Jabaran.id – Jutaan warga Indonesia diprediksi akan memadati berbagai ruas jalan, stasiun, bandara, dan pelabuhan dalam waktu dekat. Fenomena tahunan yang selalu menghiasi menjelang Hari Raya Idul Fitri ini dikenal dengan sebuah kata sederhana namun sarat makna: mudik. Di balik rutinitas jutaan orang yang pulang ke kampung halaman tersebut, tersimpan sejarah panjang yang berakar dari budaya sungai, dinamika urbanisasi, hingga perubahan pola hidup masyarakat Indonesia dari masa ke masa.

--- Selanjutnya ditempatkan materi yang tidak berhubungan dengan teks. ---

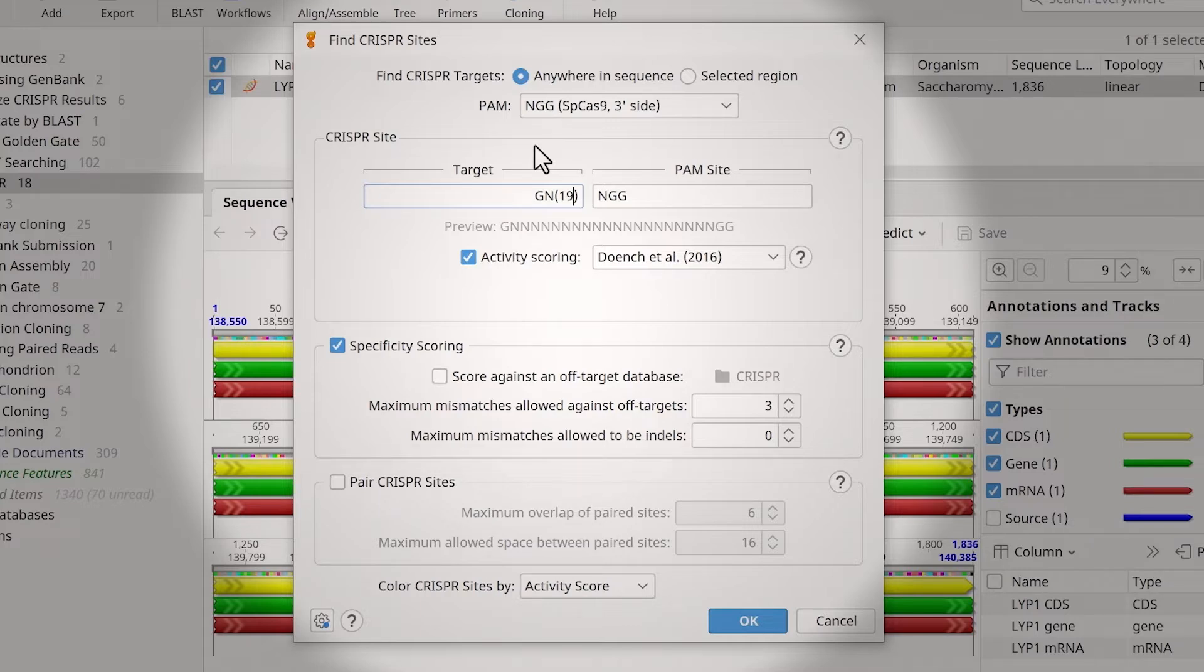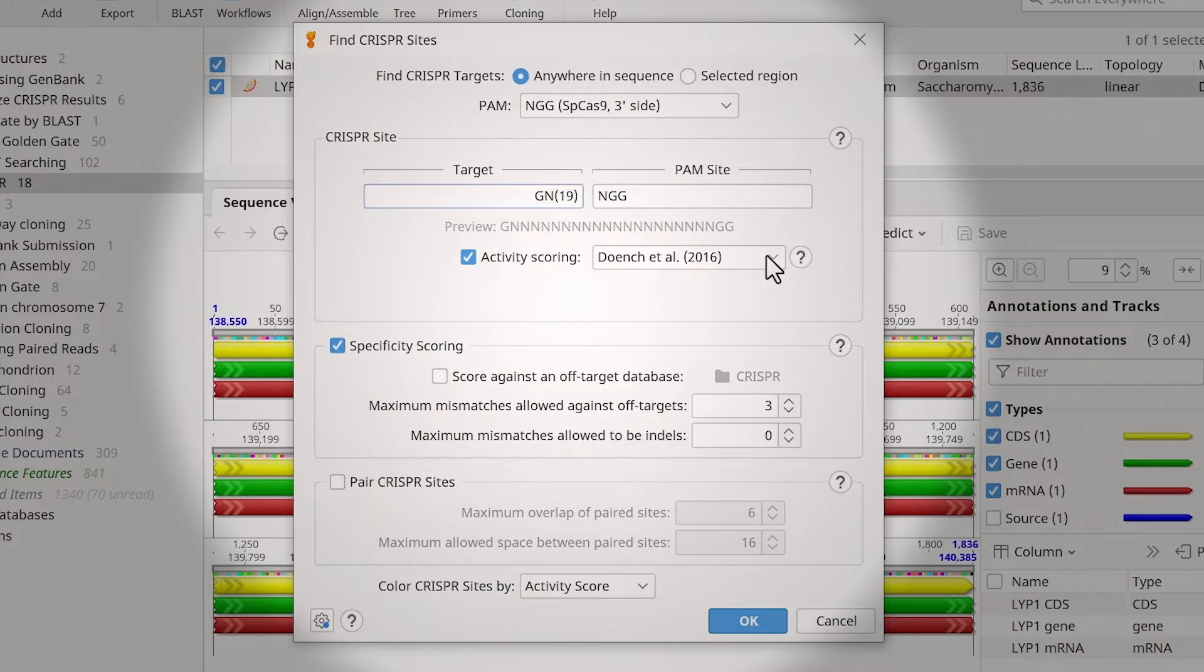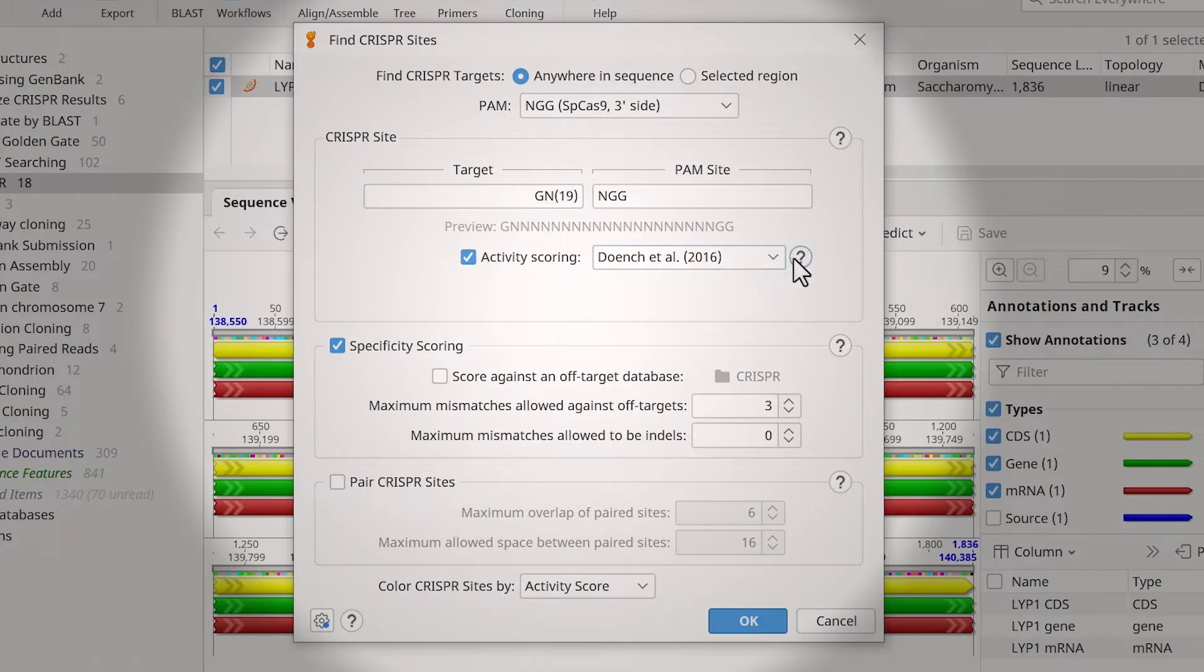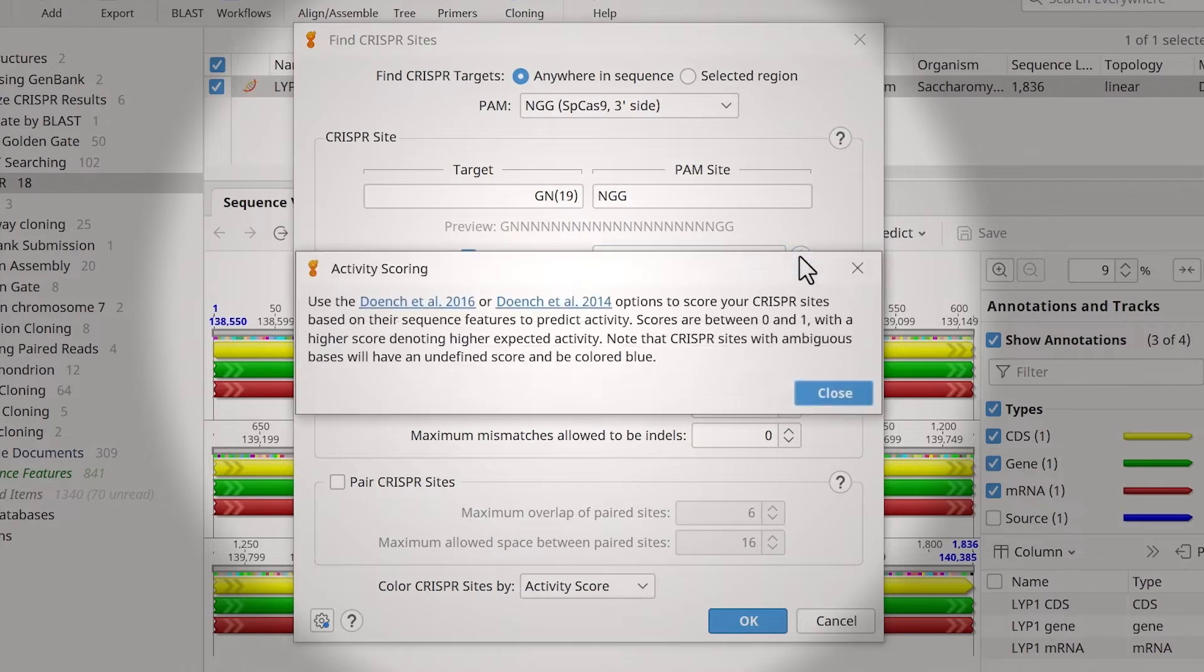The preview text below the fields shows the sequence. Also, select the desired activity scoring method. To learn more about these, refer to the Hints window.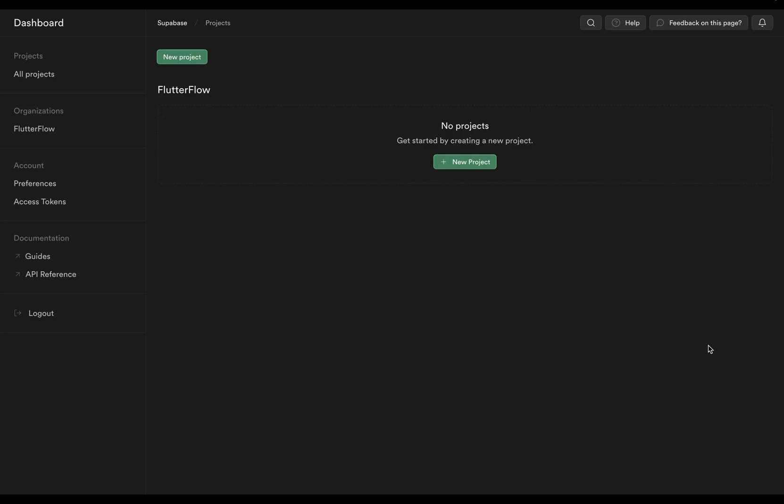In this video, I'm going to show you how to set up Supabase Auth with Flutter Flow. We're also going to talk about how to structure your user tables and how to properly link tables together — so like if you have a user who has posts, how are those connected together?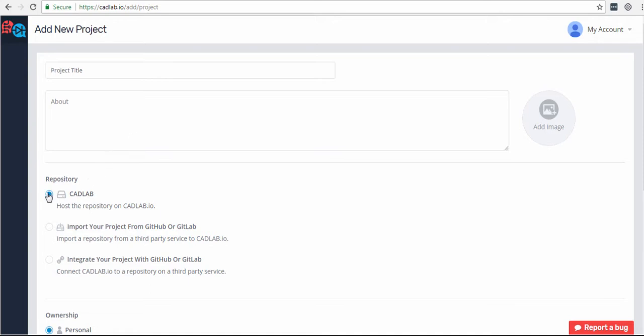You can host them directly on Cadillab, you can import your projects from GitHub, or integrate your GitHub projects into Cadillab. If you're planning to use both of these platforms, we recommend using the latest option so you can keep your project synchronized.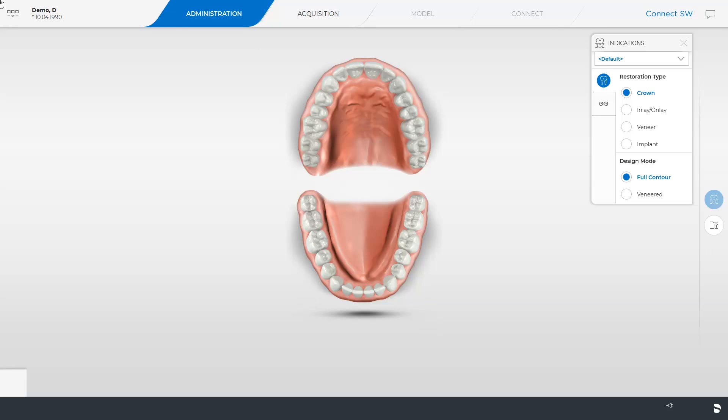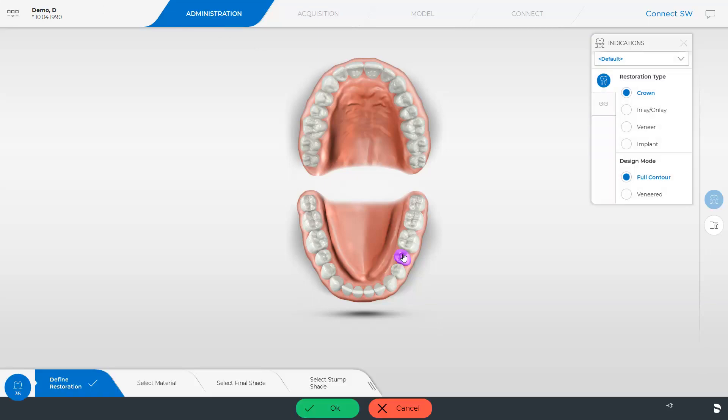We are in the administration phase of the Connect Software 5. At the right edge of the screen, we determine the restoration type and the design mode for our case. Then, we set the position in the odontogram. After clicking OK, we may already switch to the next phase, the acquisition phase.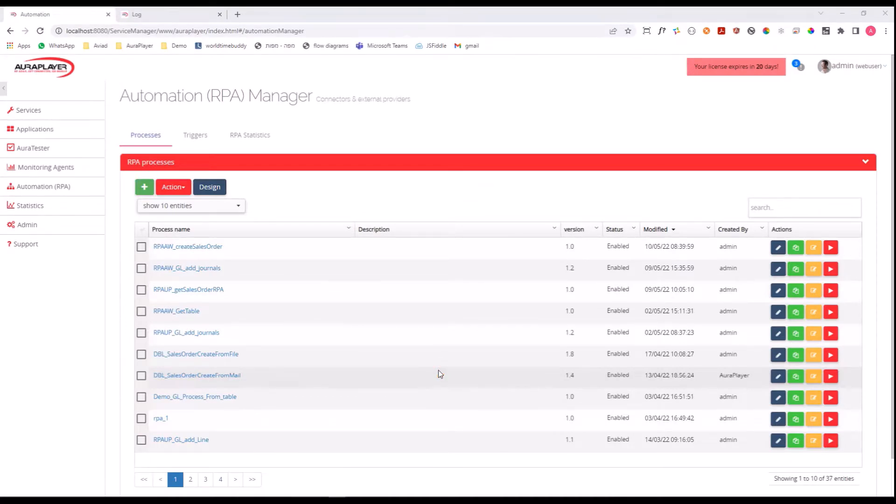Hi everyone, my name is Aviad. I'm a senior developer at ORA Player, and in this video I would like to show you a new integration that we have done between the ORA Player Service Manager and Blue Prism.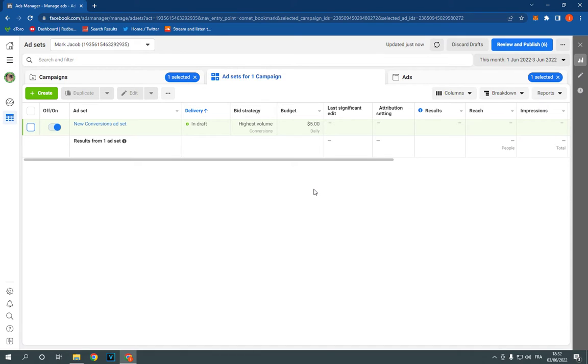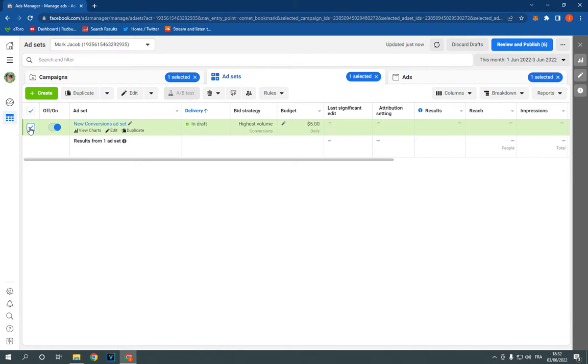This is the home page. Now all you have to do is select the campaign that you want, then go right here.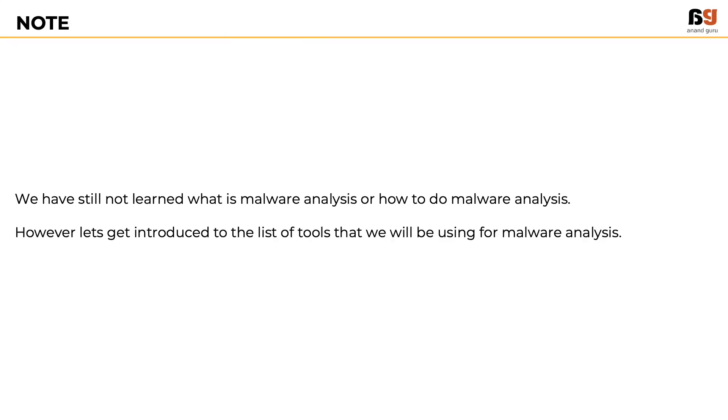An important note: at this point, we have not yet learned what malware analysis is or how to do malware analysis.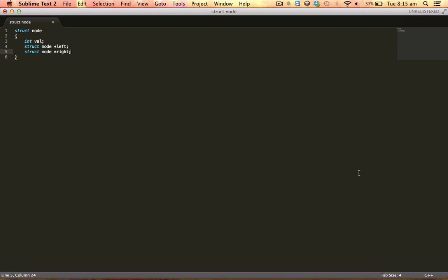So what's up YouTube, today we learn how to do in-order traversal recursively. For example, here we take the node structure. It contains three fields: first, the value; second, the pointer to its left child; and third, the pointer to its right child.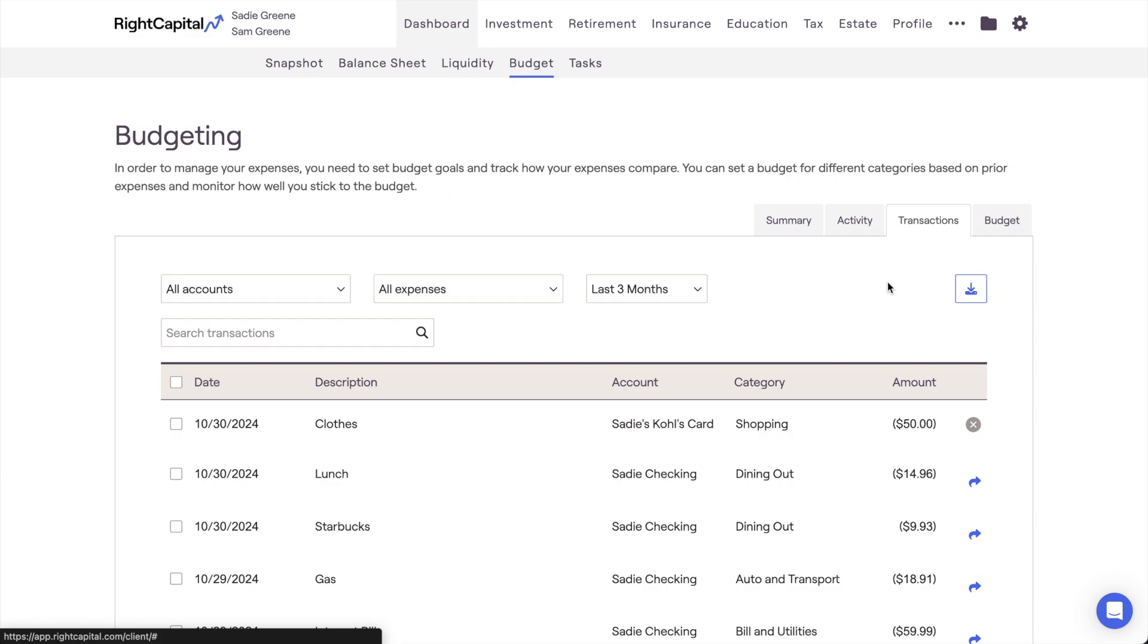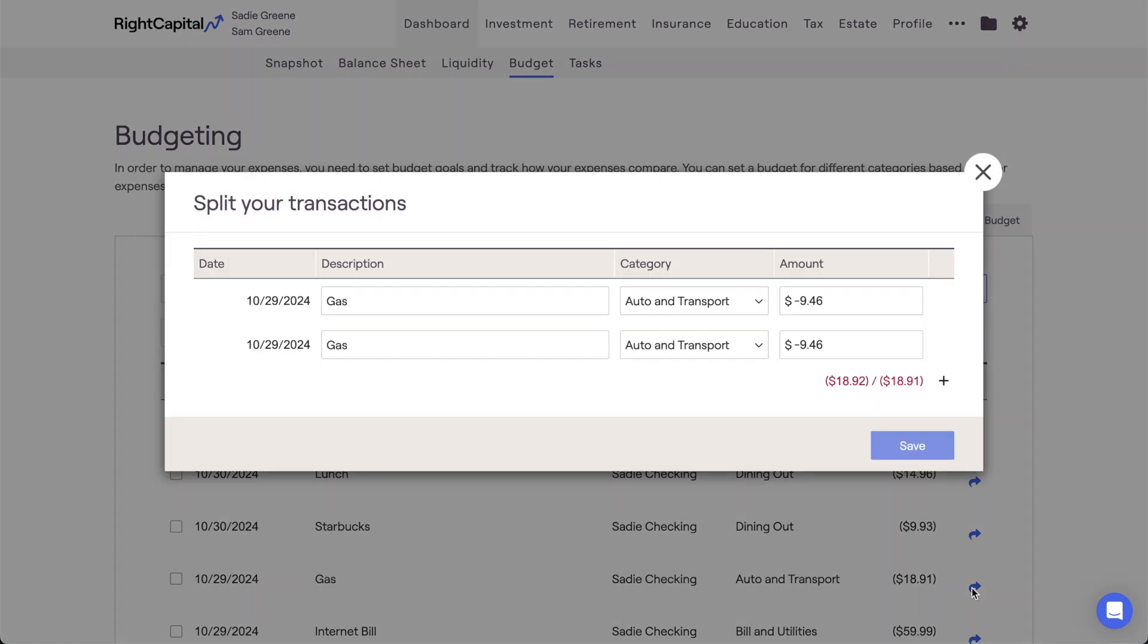To split a transaction, start by clicking the blue arrow icon to the far right of a transaction. Within the window that appears, you can specify the details of the split.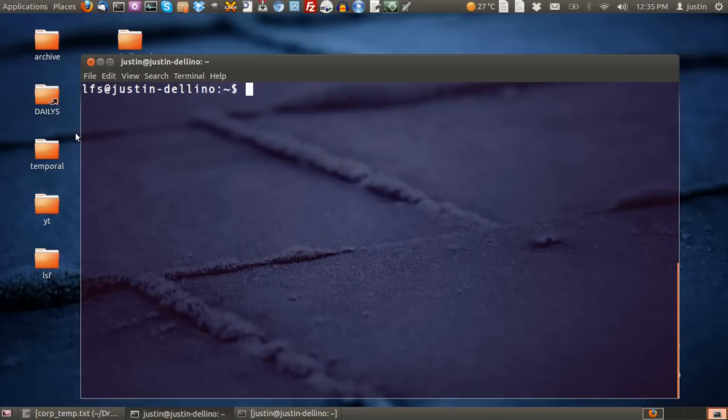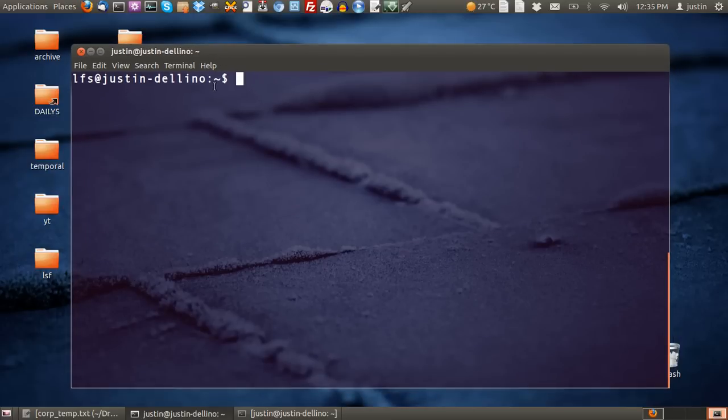G'day YouTube. This video will show you how to access your encrypted drive on Ubuntu or Linux in general.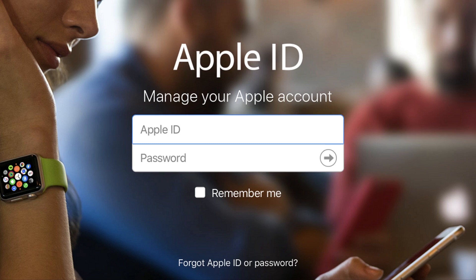Leaving an old iPhone or iPad associated with your account could mean that it will receive your verification code for two-factor authentication. Removing your old iPhone or iPad from the list of devices associated with your Apple ID guarantees that won't happen.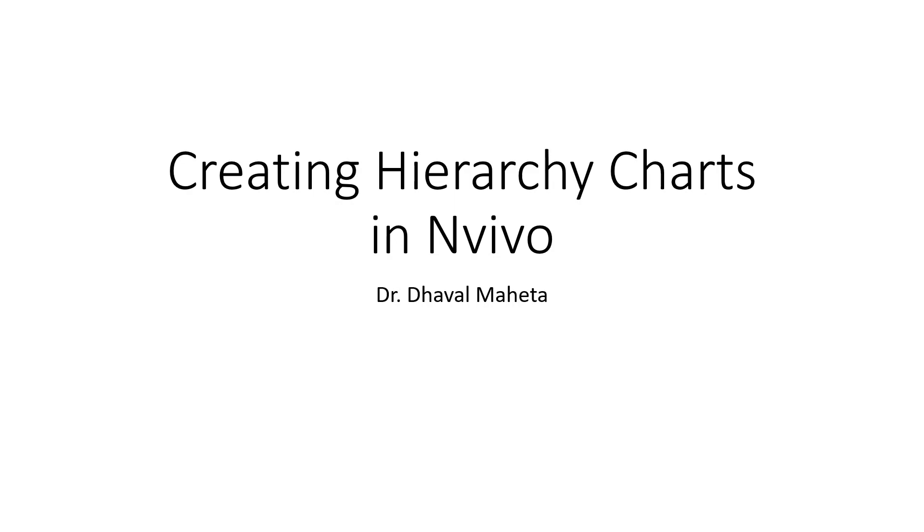Hello, this is Dr. Dhaval Mehta and today we are going to discuss creating hierarchy charts in NVivo. This feature is only available in NVivo Pro and Plus editions.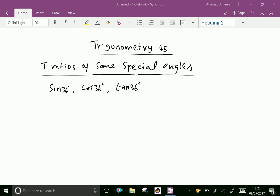Welcome to amineacademy.com. In trigonometry, we can find the trig ratios of some special angles like sin 36, cos 36, and tan 36.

Istilah mudik yang kini digunakan secara luas oleh masyarakat dari berbagai daerah ternyata memiliki asal-usul kebahasaan yang menarik untuk ditelusuri. Mengutip situs Indonesia Baik milik Kementerian Komunikasi dan Informatika, kata mudik merupakan kependekan dari istilah dalam bahasa Jawa, yaitu “mulih dilik”. Frasa dalam bahasa Jawa ini memiliki arti pulang sebentar, yang merujuk pada aktivitas seseorang yang tinggal di perantauan untuk kembali ke tempat asalnya meskipun hanya dalam waktu yang relatif singkat.

Sementara itu, Kamus Besar Bahasa Indonesia memberikan definisi yang sedikit berbeda namun saling melengkapi. Dalam KBBI, mudik didefinisikan sebagai aktivitas pergi ke udik, yang berarti menuju ke pedalaman atau hulu, serta pulang ke kampung halaman. Definisi ini menunjukkan bahwa secara harfiah, mudik memang mengandung unsur pergerakan dari pusat kota menuju daerah asal yang secara geografis biasanya berada di pedalaman atau pinggiran.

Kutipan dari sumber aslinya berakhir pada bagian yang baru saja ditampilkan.